The absolutist position would also have to assume that all communicated state is corrupted so a separate process does not improve the situation. Since you don't know with a 100% certainty what the bug consists of you should not retain any state from any source after the _earliest_ time where the buggy logic in theory could have been involved. All databases should be assumed corrupted, no messages should be accepted etc (messages and databases are no different from memory in this regard).

In reality absolutist positions are usually not possible to uphold so you have to move to a probabilistic position. And the compiler cannot make probabilistic assumptions, you need a lot of contextual understanding to make those probabilistic assessment (e.g. the architect or programmer has to be involved).

Fully reactive systems does not retain state of course, and those would change the argument somewhat, but they are very rare... mostly limited to control systems (cars, airplanes etc).

The idea behind actor-based programming (e.g.

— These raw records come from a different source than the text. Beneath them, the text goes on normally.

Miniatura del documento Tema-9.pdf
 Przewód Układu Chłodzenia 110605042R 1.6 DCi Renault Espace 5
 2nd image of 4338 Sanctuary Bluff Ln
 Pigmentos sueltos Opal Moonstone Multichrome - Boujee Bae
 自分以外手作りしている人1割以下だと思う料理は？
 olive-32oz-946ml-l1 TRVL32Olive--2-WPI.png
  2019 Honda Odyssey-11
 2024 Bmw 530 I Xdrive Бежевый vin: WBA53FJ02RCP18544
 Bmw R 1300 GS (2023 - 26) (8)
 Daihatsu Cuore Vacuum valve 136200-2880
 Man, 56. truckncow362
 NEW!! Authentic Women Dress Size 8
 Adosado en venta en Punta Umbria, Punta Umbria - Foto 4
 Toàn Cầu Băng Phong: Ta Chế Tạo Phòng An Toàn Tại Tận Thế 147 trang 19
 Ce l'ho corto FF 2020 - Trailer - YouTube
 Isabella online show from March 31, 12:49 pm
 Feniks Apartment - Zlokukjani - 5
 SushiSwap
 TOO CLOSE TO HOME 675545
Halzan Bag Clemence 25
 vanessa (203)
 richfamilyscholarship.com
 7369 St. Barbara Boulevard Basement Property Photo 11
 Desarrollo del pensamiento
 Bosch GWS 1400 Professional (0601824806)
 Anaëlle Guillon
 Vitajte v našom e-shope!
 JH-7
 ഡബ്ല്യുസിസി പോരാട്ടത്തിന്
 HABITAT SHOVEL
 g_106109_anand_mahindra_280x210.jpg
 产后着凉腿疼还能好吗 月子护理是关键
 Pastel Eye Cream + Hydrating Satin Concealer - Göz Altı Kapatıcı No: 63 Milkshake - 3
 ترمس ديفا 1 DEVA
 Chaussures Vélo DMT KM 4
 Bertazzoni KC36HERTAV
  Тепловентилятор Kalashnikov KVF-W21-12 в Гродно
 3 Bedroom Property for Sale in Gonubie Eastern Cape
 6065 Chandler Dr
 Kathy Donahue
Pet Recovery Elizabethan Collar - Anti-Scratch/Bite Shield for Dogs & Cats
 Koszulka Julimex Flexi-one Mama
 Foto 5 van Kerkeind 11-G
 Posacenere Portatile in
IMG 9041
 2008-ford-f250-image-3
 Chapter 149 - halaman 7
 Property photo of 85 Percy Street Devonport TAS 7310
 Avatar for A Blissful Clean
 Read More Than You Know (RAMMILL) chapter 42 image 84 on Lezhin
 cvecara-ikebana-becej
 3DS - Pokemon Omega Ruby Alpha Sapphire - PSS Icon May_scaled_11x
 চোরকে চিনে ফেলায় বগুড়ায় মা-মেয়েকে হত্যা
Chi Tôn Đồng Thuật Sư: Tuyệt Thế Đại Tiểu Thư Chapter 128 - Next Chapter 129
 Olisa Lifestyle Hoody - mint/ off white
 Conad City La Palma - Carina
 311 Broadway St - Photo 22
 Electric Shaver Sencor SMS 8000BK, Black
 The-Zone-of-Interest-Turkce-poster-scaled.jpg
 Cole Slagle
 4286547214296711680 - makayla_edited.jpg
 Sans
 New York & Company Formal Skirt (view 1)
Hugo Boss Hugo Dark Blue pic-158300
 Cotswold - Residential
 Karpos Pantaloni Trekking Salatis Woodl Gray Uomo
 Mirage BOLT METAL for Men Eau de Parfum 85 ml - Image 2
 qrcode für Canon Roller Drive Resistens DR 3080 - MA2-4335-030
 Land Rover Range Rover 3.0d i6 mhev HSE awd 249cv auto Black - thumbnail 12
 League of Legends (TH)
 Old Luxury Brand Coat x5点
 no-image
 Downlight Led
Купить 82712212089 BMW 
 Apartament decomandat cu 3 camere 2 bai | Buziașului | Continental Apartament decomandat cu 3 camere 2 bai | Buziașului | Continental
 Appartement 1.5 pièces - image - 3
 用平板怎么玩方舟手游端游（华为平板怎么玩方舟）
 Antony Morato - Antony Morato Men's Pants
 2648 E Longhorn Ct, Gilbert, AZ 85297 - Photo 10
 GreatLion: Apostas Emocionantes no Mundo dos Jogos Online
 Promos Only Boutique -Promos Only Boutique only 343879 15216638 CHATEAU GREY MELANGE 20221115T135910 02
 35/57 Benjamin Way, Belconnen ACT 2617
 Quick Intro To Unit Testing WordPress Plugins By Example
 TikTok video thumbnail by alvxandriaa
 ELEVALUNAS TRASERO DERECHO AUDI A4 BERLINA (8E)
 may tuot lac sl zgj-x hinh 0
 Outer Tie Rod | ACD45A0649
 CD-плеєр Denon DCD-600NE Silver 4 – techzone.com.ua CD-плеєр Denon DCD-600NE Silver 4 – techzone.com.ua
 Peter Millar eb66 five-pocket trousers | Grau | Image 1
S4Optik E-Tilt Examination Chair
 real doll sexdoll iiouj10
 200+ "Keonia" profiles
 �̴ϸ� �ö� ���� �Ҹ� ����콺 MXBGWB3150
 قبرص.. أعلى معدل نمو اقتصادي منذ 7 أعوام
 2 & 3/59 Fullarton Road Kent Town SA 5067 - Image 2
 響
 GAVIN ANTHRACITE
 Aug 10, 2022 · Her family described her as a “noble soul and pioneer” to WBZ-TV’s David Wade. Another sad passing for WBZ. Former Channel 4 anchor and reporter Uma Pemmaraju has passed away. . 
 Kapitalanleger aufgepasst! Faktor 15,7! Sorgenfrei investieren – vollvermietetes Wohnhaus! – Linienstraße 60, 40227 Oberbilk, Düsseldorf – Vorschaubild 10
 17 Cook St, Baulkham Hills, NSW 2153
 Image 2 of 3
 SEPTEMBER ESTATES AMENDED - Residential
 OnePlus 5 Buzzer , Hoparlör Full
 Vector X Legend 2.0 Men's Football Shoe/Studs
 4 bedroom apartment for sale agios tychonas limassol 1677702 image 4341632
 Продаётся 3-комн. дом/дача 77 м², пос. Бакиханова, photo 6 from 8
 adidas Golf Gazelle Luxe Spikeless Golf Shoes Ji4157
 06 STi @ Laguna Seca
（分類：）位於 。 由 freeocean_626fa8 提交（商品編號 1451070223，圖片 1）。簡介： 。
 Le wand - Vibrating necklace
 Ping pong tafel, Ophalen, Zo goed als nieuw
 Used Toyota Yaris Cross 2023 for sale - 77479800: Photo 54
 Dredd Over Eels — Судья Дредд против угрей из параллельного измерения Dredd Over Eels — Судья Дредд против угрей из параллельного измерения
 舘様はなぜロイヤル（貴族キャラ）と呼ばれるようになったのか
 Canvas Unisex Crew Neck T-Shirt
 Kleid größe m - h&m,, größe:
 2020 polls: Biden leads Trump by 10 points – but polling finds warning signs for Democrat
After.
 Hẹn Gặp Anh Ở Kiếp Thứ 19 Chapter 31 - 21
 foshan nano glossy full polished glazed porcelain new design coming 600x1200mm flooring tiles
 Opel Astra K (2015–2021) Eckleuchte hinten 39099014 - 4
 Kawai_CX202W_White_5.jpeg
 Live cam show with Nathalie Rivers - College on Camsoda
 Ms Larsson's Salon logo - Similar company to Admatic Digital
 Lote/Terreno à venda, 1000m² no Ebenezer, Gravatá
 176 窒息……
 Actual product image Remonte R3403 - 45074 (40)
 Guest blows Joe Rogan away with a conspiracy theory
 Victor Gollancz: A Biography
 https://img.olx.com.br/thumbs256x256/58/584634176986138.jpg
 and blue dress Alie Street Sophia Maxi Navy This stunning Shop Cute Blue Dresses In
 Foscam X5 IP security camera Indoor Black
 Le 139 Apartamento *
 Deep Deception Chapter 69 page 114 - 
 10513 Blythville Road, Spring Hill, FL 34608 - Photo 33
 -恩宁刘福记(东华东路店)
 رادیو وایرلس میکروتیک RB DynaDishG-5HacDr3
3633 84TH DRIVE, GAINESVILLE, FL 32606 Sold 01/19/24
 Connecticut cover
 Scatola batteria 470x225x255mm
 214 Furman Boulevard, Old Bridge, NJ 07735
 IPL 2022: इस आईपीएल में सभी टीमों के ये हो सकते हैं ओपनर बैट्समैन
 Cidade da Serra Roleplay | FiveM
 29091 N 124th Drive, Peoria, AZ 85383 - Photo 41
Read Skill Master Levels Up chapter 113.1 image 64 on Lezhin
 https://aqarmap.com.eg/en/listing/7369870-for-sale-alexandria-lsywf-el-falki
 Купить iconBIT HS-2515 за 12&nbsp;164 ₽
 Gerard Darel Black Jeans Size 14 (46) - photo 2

Erlang) isn't that bugs don't occur or that the overall system will exhibit correct behaviour, but that it should be able to correct or adapt to situations despite bugs being present.  But that is really, predominantly, not available to us with the very "crisp" logic we use in current languages (true/false, all or nothing). Maybe something better will come out of probabilistic programming paradigms and software synthesis some time in the future. Within the current paradigms we are stuck with the judgment of the humans involved.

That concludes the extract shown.